La leçon à retenir en sortant du ‘Porteur d’histoire’ ? Une affiche ratée peut cacher une très belle pièce. Car s’il ne fallait se fier qu’au blanc faussement vieilli de son fond, à sa police bleue démodée ou encore à son visuel franchement raté d’une main tenant une pile de bouquins, il est certain qu’elle se verrait condamnée à l’oubli.
C’est donc avec appréhension que l’on s’installe dans la petite salle du Studio des Champs-Elysées, face à cinq comédiens déjà présents sur scène. A part eux, assis sur des chaises, seul un tableau noir trône dans le fond, avec à sa gauche une tringle remplie de vêtements divers. Habillés tous à l’identique, en blanc et noir, ils attendent que leur public prenne place. Une façon de mieux retenir son souffle, semblerait-il, avant de commencer à jouer pour deux heures qui défilent à toute vitesse.
Mais avant de rentrer dans le vif du sujet, un préambule. Une mini-réflexion sur l’Histoire et l’histoire, afin de rappeler que tout n’est jamais que fiction, dès lors qu’il s’agit de mots. Montrer que, dans la parole, réside finalement le meilleur moyen de manipulation, à condition de la maîtriser parfaitement.
A partir de là tout se bouscule, les histoires, les personnages, les costumes, les époques, nos pensées. Le point de départ se trouve en Algérie au début des années 2000, mais très vite apparaissent les routes pluvieuses des Ardennes, le Paris d’Alexandre Dumas, le port de Marseille. Un personnage raconte un récit, dans lequel un des personnages en narre un autre, et ainsi de suite, de très nombreuses fois. Et ce, sans jamais nous perdre un seul instant.

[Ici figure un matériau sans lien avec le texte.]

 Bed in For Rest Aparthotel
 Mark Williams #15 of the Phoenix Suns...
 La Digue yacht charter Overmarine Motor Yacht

Tout, dans cette pièce, s’apparenterait en fait à un film. Aussi bien le suspense, savamment entretenu, que le nombre impressionnant de personnages et de sauts dans le temps qui la composent. La fin arrive bien trop vite, et l’on en ressort avec le tournis, des images et des mots plein la tête, avec une seule envie : celle de la revoir, pour se laisser prendre, encore une fois, par ces comédiens de grand talent.